Quote from: McQueen on 16/05/2016 12:25:23
There seems to be a lot of confusion about the speed of light. For instance some die hard Quantum Mechanics adherents, still believe that the speed of light follows Galilean transformations:
Quote from: PmbPhy on 08/05/2016 18:48:42
Depending on what you mean you could be wrong. If you mean that if, in the inertial frame S, a beam of light was moving from along the x-axis in the positive direction with speed c and another beam was moving along the same x-axis in the negative direction with speed c then their relative speed of the two beams is 2c. What SR states is that that will be the same in any inertial frame of reference.

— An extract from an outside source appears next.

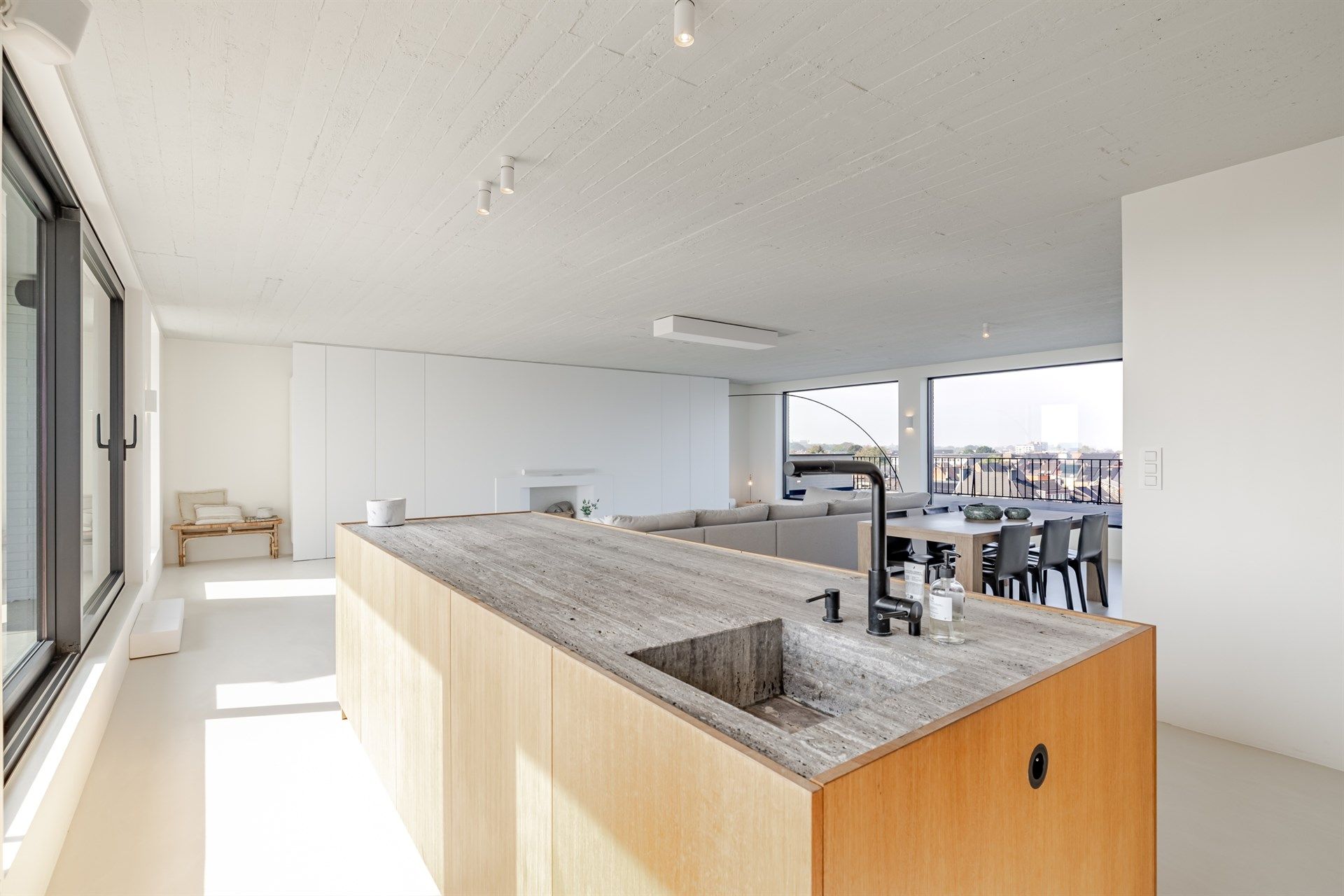 Luxueus penthouse met adembenemend zicht in het hart van Aalst  foto {{pictureIndex}}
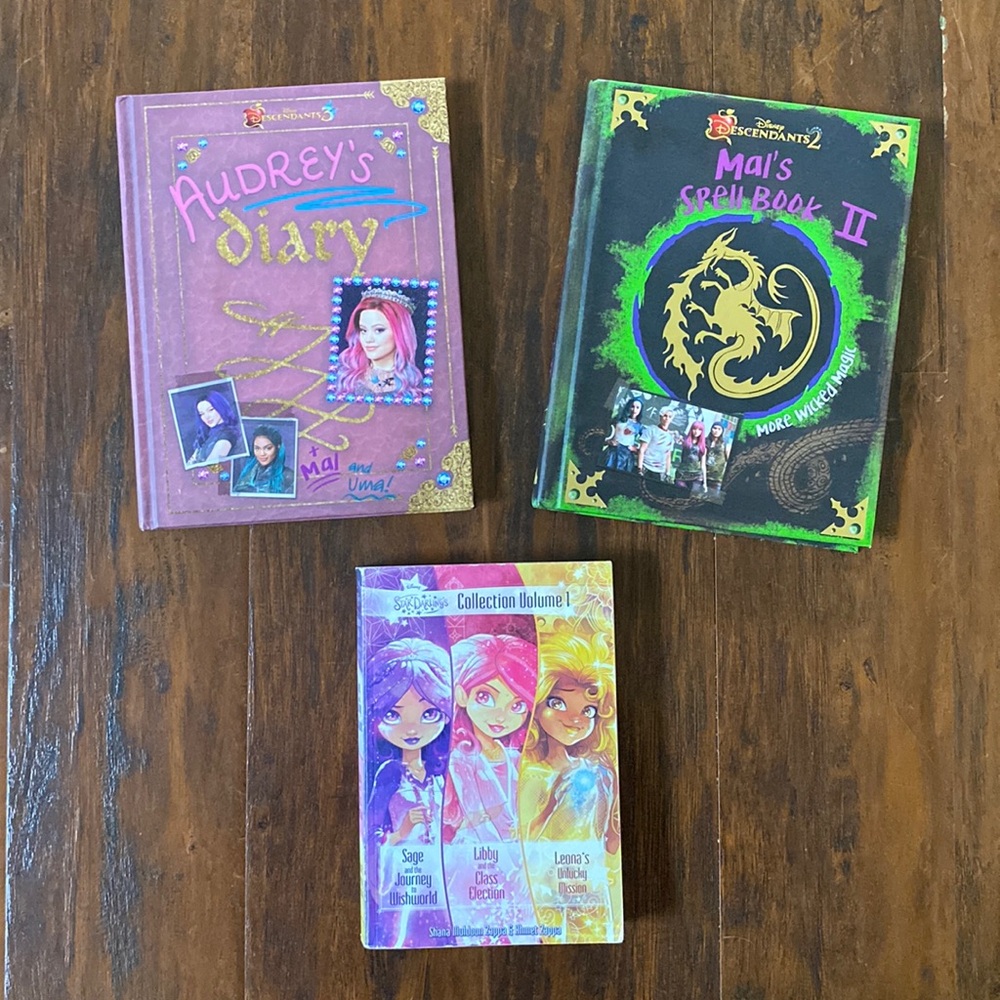 3 Disney Books Bundle | Descendants 2 & 3 | Star Darlings Collection Volume 1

This statement indicates such an extremely poor understanding of  special and general relativity, that it is quite depressing to realize that the most eager supporters of Quantum Mechanics, the ones who are willing to stand up for it no matter what, are the ones who do not realize that Quantum Mechanics does not claim to yield answers that satisfy ‘reality’.  This is true regardless of whether one is thinking in terms of multiple dimensions, or of the invariance of the speed of light in a vacuum. Supporters of the type I refer to will insist that it is not dimensions that are in question but “degrees of freeedom’. In the same  way these supporters will also argue about the speed of light being constant, in the terms quoted above, Apart from this they are extremely abusing and lofty in their self regard and disparaging of those who try to state the facts as they exist. He following are examples:

Quote from: PmbPhy on 08/05/2016 18:48:42
Quote from: McQueen
 This means that if they were 300,000 km apart, they would meet after 0.5 seconds and not  after 0.25 seconds as would have been the case had Galilean transformations  held good. This was extremely puzzling,

Quote
PmbPhyThat's because you have a misunderstanding of the invariance of c postulates of relativity.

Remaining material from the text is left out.